Kerja dakwah yang kita lakukan saat ini—Alhamdulillah—telah menjangkau kehidupan masyarakat yang cukup luas. Ini merupakan bentuk kemenangan dakwah yang disebut sebagai Ta’yiidul Mu’minin. Sisi baik fase ini akan membuka berbagai macam peluang kehidupan keduniaan, seperti peluang mendapatkan jabatan, kekayaan dan sebagainya. Kerja dakwahpun akan semakin mudah karena didukung oleh fasilitas-fasilitas tersebut. Namun, di sisi lain, jika pada awalnya amal dakwah tidak didasari oleh keikhlasan, ia justru akan berubah menjadi sumber fitnah, bahkan menyebabkan perpecahan dan permusuhan—na’udzu billah— di antara para kader dakwah.
Maka ucapkanlah ucapan yang sama dengan yang diucapkan oleh Imam Syafi’I ini,
“Andaikan saja semua kontribusiku dalam gerakan dakwah ini, tidak seorangpun yang tahu, bahwa ia bersumber dariku”
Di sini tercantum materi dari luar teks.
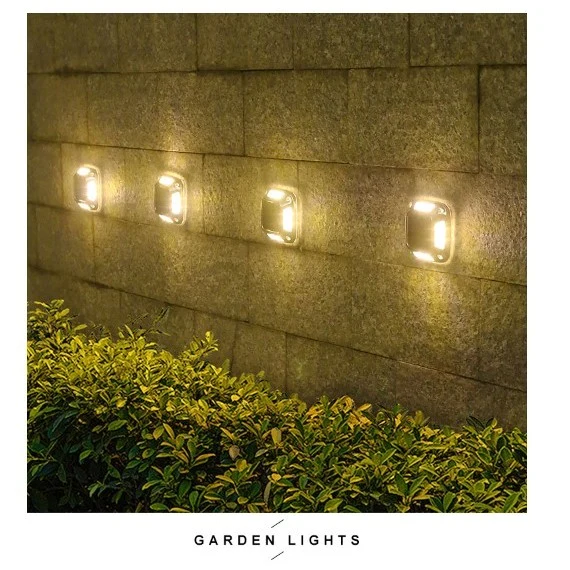 Lampa solara LED pentru gradina Flippy, 8 LED-uri, prindere de perete sau impamantare, IP65, forma patrat, material ABS si...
Insya Allah kerja dakwah ini tidak akan dapat dikotori oleh saling jegal untuk meraih posisi tertentu. Tidak pula saling menjatuhkan untuk meraih peluang-peluang kekayaan, yang mengakibatkan gerakan dakwah dijadikan ajang untuk merebut dunia yang hina dina. Karena sesungguhnya gerakan dakwah adalah tempat manusia berlomba-lomba meraih pahala dan rahmat Allah, kalau dasar ikhlas selalu dijaga dan dipertahankan…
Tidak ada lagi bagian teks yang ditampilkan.